Context Switching. Due to operating system specific characteristics, your system could be spending a lot of time in context switches. This could be expensive, especially with a very large SGA. Note that context switching is not an issue on NT, which has only one process per instance; all threads share the same page table.

Programmers often create single-purpose processes on the fly; then they exit the process, and create a new one so that the process is re-created and destroyed all the time. This is very CPU intensive, especially with large SGAs, because you have to build up the page tables each time. The problem is aggravated when you nail or lock shared memory, because you have to touch every page.

For example, if you have a 1 gigabyte SGA, you may have page table entries for every 4K, and a page table entry may be 8 bytes. You could end up with
(1G /4K) * 8B entries. This becomes expensive, because you have to continually make sure that the page table is loaded.

Parallel query and multithreaded server are areas of concern here if MINSERVICE has been set too low (set to 10, for example, when you need 20).

For the user, doing small lookups may not be wise. In a situation like this, it becomes inefficient for the user and for the system as well.

Checking Oracle CPU Utilization

This section explains how to examine the processes running in Oracle. Two dynamic performance views provide information on Oracle processes:

V$SYSSTAT shows Oracle CPU usage for all sessions. The statistic "CPU used by this session" actually shows the aggregate CPU used by all sessions.
V$SESSTAT shows Oracle CPU usage per session. You can use this view to see which particular session is using the most CPU.

For example, if you have 8 CPUs, then for any given minute in real time, you have 8 minutes of CPU time available. On NT and UNIX-based systems this can be either user time or time in system mode ("privileged" mode, in NT). If your process is not running, it is waiting. CPU time utilized by all systems may thus be greater than one minute per interval.

At any given moment you know how much time Oracle has utilized the system. So if 8 minutes are available and Oracle uses 4 minutes of that time, then you know that 50% of all CPU time is used by Oracle. If your process is not consuming that time, then some other process is. Go back to the system and find out what process is using up the CPU time. Identify the process, determine why it is using so much CPU time, and see if you can tune it.

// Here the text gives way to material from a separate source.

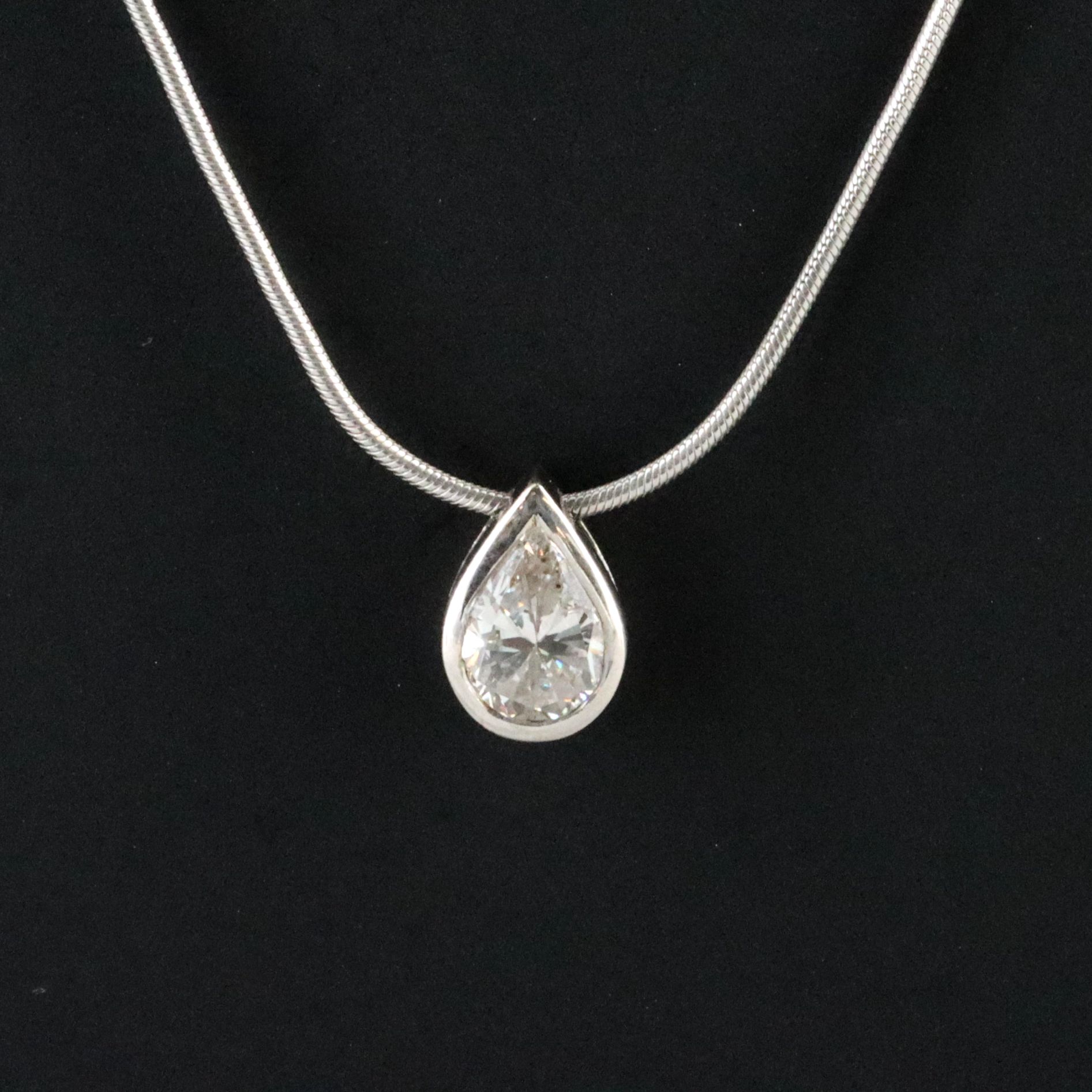 14K 1.18 CT Diamond Solitaire Pendant Necklace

The major areas to check for Oracle CPU utilization are:

Reparsing SQL Statements
Inefficient SQL Statements
Read Consistency
Scalability Limitations within the Application
Latch Contention

This section describes each area, and indicates the corresponding Oracle statistics to check.

Reparsing SQL Statements

Ineffective SQL sharing can result in reparsing.

Begin by checking V$SYSSTAT to see if parsing in general is a problem:

SELECT * FROM V$SYSSTAT
WHERE NAME IN 
('parse time cpu', 'parse time elapsed', 'parse count (hard)');

In interpreting these statistics, remember

response time = service time + wait time, therefore response time = elapsed time
service time = CPU time, therefore elapsed time - CPU time = wait time

In this way you can detect the general response time on parsing. The more your application is parsing, the more contention exists and the more time you will spend waiting. Note that

wait time/parse count = average wait time per parse
The average wait time should be extremely low, approaching zero. (V$SYSSTAT also indicates the average wait time per parse.)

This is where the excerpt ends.